One of the crucial lab tools, the microscope, allows one to study things and specimens that are invisible to the unaided eye. The optical device magnifies the model several times so that it is visible to one’s eyes. Microscopes are widely employed in various fields because they can create highly resolved, clear, and magnified pictures of high-quality specimens. For multiple purposes, numerous microscopes have been designed and are readily accessible on the market. Each microscope has unique attributes, capabilities, and features. Choosing a suitable microscope for the lab workflow and applications might be confusing when buying a microscope. Here are a few things to remember while purchasing a biological microscope.
Type of microscope: stereo or compound
Different types of microscopes are available in the market, like compound, electron, polarizing, inverted, etc., but the two prevalent types are stereo and compound microscopes.

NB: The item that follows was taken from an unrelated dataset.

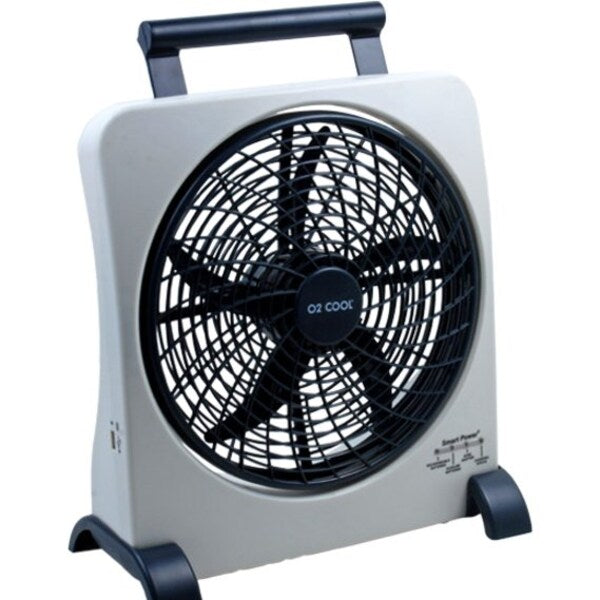 Compact Fan, 10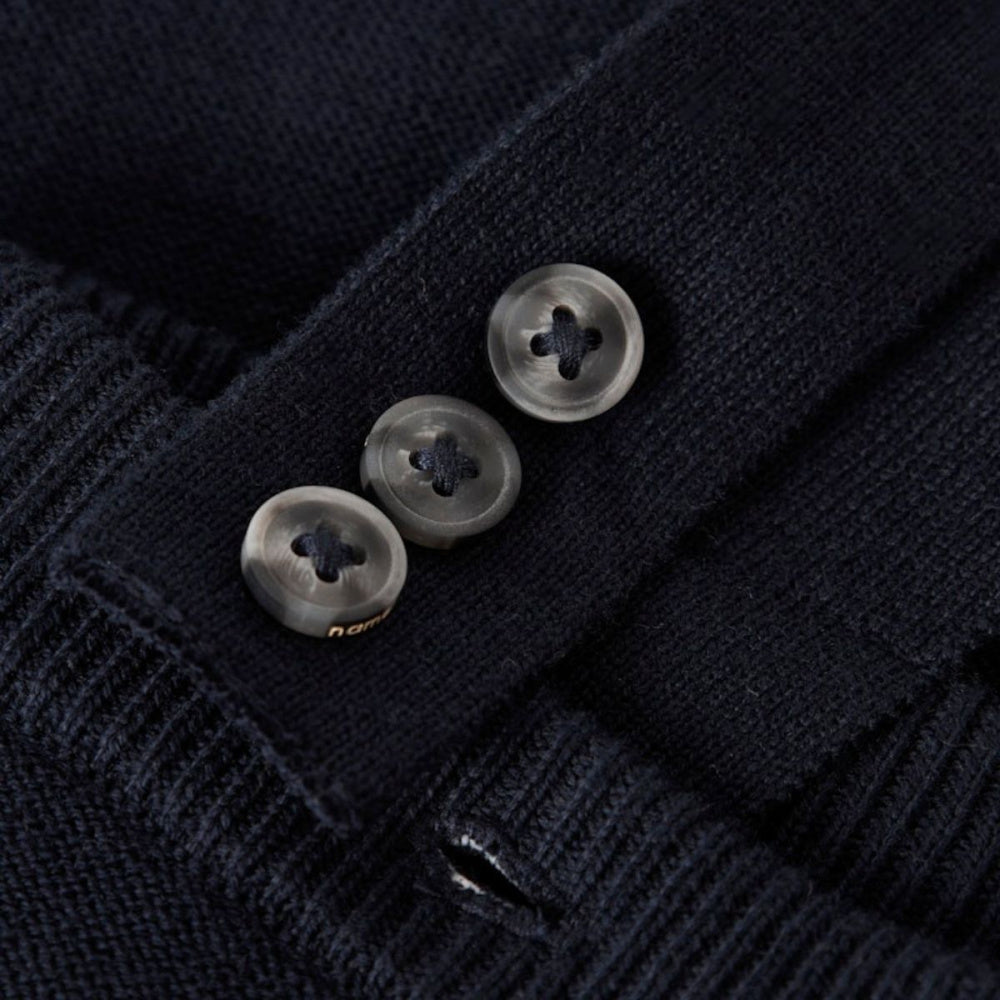 Name It - Selebukse Baby Knit Roman Navy Blazer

Compound microscopes typically include 3-5 objective lenses that can magnify things from 40x to 400x, with some capable of reaching 1600x magnification. As a result, the microscope is appropriate for examining microscopic creatures and cells such as bacteria, pond scum, blood samples, and aquatic organisms. However, due to mounting and staining procedures, sample preparation for a compound microscope takes a lengthy time.

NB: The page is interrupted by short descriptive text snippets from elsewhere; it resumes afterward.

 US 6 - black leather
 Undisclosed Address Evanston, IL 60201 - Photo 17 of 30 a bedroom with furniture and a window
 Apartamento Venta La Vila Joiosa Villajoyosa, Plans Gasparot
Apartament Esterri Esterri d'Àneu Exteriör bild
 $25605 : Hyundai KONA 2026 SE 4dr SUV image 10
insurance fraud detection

Compared to the compound microscope, the stereo microscope has a lesser magnification. They can magnify items from 5x to 60x. However, utilizing a stereo microscope and several microscope attachments, 160x magnification may be attained. Stereo microscopes are ideal for viewing more oversized objects or species such as beetles, bugs, jewels, dirt, and tiny plants and animals because of their reduced magnification.
The magnification of a microscope is determined by two factors: the objective lens and the eyepiece. Thus, the values of these two components are multiplied to give the total magnification power of a microscope. Eyepieces for microscopes are typical of three types: monocular, binocular, and trinocular. A monocular microscope has one eyepiece, a binocular microscope has two, and a trinocular microscope has two eyepieces with a third eyetube.
Many different types of lights are mounted to microscopes to fulfill distinct functions. Before purchasing a microscope, four light sources with properties such as heat, lamp life, and color correctness should be evaluated. Halogen generates a bright white light, warms up rapidly, and comes with a dimmer or variable rheostat to regulate the intensity as needed.
LED delivers robust and excellent light that does not generate heat, and it also has a variable rheostat or dimmer to alter the intensity as needed in the tests. Fluorescent lighting emits white light while producing less heat. It has a short shelf life and is usually examined with a specialized or epi-fluorescent microscope. Tungsten/Incandescent lighting is standard in entry-level microscopes. It emits a bright white light and warms rapidly.
When selecting a microscope from Quasmo, one of the essential elements to consider is quality. The light source, lighting, construction, and lenses installed in the microscope are mainly examined. Several microscopes on the market, ranging from low-cost plastics to metal bodies, give strength and longevity.